Collected data entries
================================
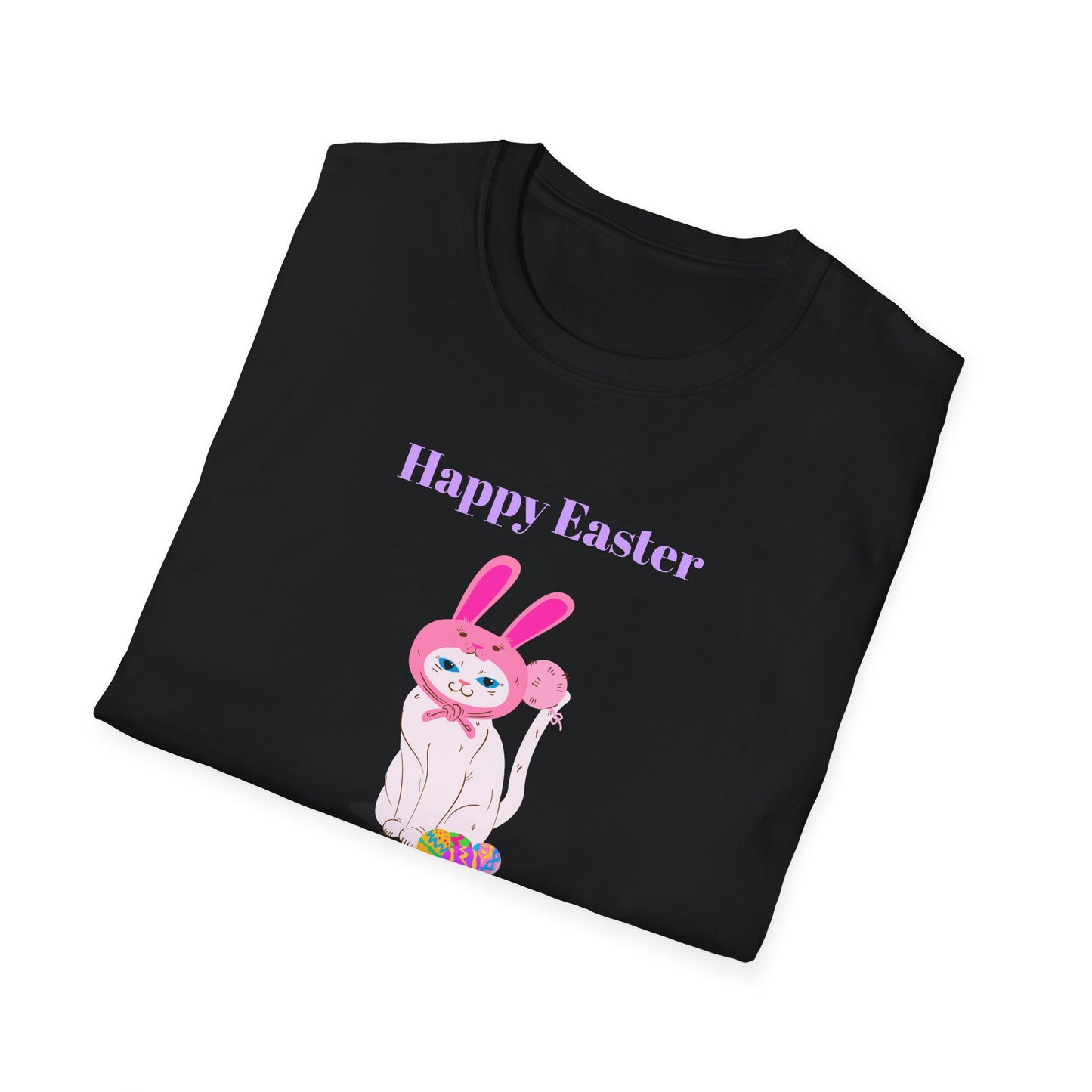 Easter Bunny T-Shirt, Tee Shirt with Easter Signature, T Shirt with Easter Prints, Tee Shirt with Easter Design - 11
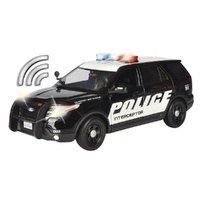 Motormax 1/18 2015 Ford Police Interceptor Utility with Lights and Sounds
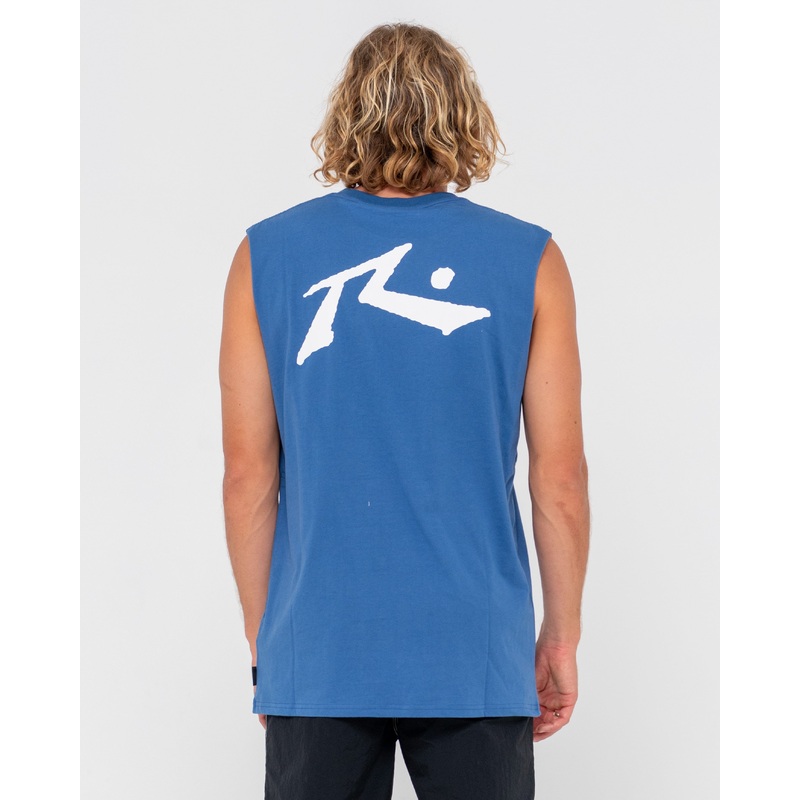 Rusty Competition Graphic Muscle Tank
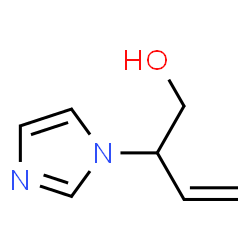 1H-Imidazole-1-ethanol,beta-ethenyl-(9CI) structure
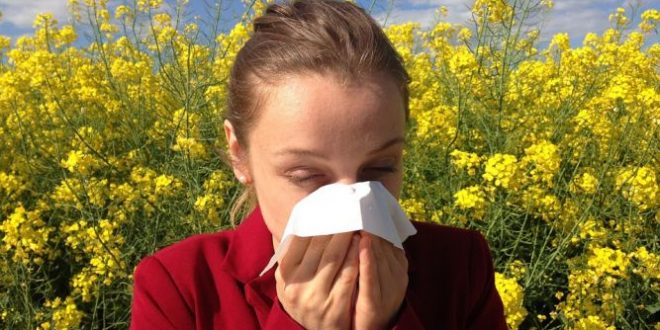 Allergie primaverili: ne soffre quasi il 20% degli italiani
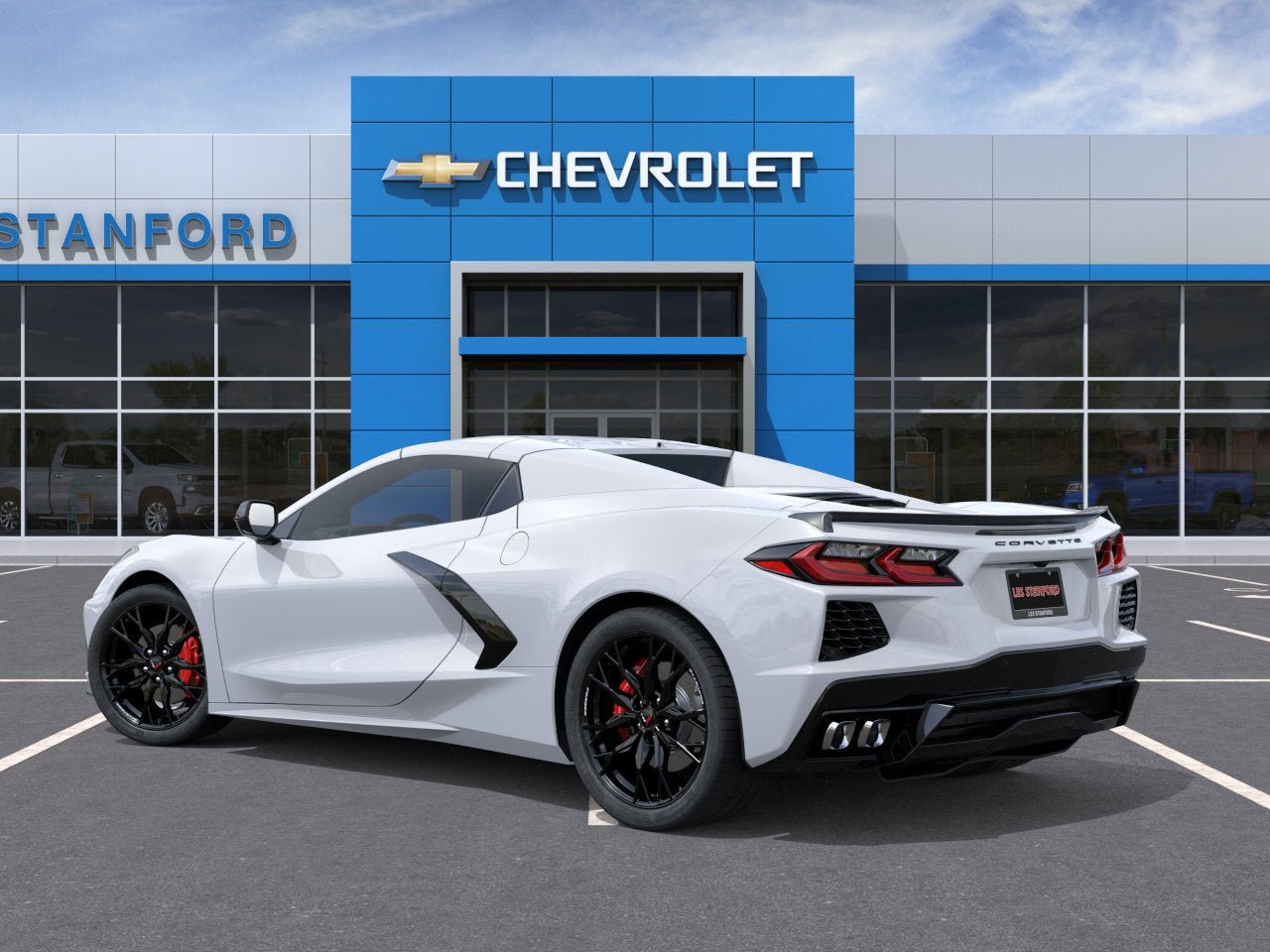 New 2026 Chevrolet Corvette Stingray Preferred Conv w/ Battery Protection Package RWD image 3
================================
Repeat the data exactly. Pictures should not appear.

 Easter Bunny T-Shirt, Tee Shirt with Easter Signature, T Shirt with Easter Prints, Tee Shirt with Easter Design - 11
 Motormax 1/18 2015 Ford Police Interceptor Utility with Lights and Sounds
 Rusty Competition Graphic Muscle Tank
 1H-Imidazole-1-ethanol,beta-ethenyl-(9CI) structure
 Allergie primaverili: ne soffre quasi il 20% degli italiani
 New 2026 Chevrolet Corvette Stingray Preferred Conv w/ Battery Protection Package RWD image 3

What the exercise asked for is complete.